Thursday, December 29, 2011

Dramatis Personae: Carlos Moreno

I really wanted Carlos Moreno to be in RAW COMBAT but the timing wasn't right. You see, when I was doing interviews with local Northeast fighters, fighters who helped make the scene what it is today, "The Tyrant" was a guest of the state, and incommunicado (to me, at least). But damn, when it comes to raw talent, intensity and ferocity, few have been able to match Moreno in the cage - which makes his friendliness and likeability outside of the cage such a stark contrast.

If you take Moreno and his record at face value, you'll only get half the story. A glance at his stats and one can see he was a product of "Big" Dan Miragliotta's BAMA Fight Nights, and all of his wins have come from hitting his opponents so hard they either went to sleep or wished they were asleep, and that he was a Ring of Combat and Battle Cage Xtreme heavyweight champ. However, the tale not told by mere stats is a tale only told by the details, details seen when you're a fixture at shows. There was the time he duked it out with UFC vet Kevin Jordan, and when he got dropped by a knee, his mom was frantic as she rushed the cage.
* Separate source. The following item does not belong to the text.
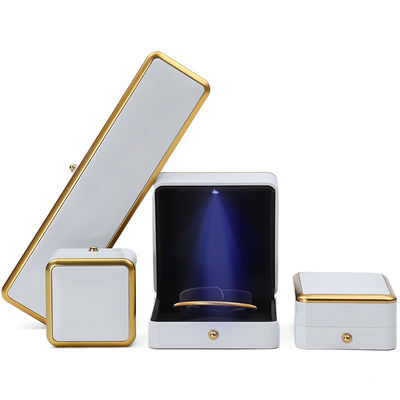 High-End Luxus-Licht-Up-Schmuckschachtel Schmucklager mit weichem Samtinneren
There was also the time teammate Tom Gallicchio showed up for a fight with the words "Free Carlos" written on his back, an open plea to the world about Moreno's legal plight. And there was the time when Moreno took a fight on an EliteXC undercard against Carlton Haselrig, which, due to the short notice (really, only a few days), meant the Latino version of "Tank Abbott" had enough gas for one round of fending off Haselrig's wrestling before he was forced to call it quits.

But those losses, and time spent away from the scene, don't mean much in the grand scheme of things, especially when you're a heavyweight with the ability to break someone's orbital bone with a jab, or when you can overwhelm nearly everyone with sledgehammer fists, and provide a fight card with one heck of an exclaimation point.

Moreno is out now and keen on getting back into the cage, and that's pretty freakin' cool to hear. He was, without question, the Northeast scene's first true heavyweight knockout artist. And it doesn't matter whether there's still TNT left in his fists or not, because ultimately, the scene is far more interesting with him around.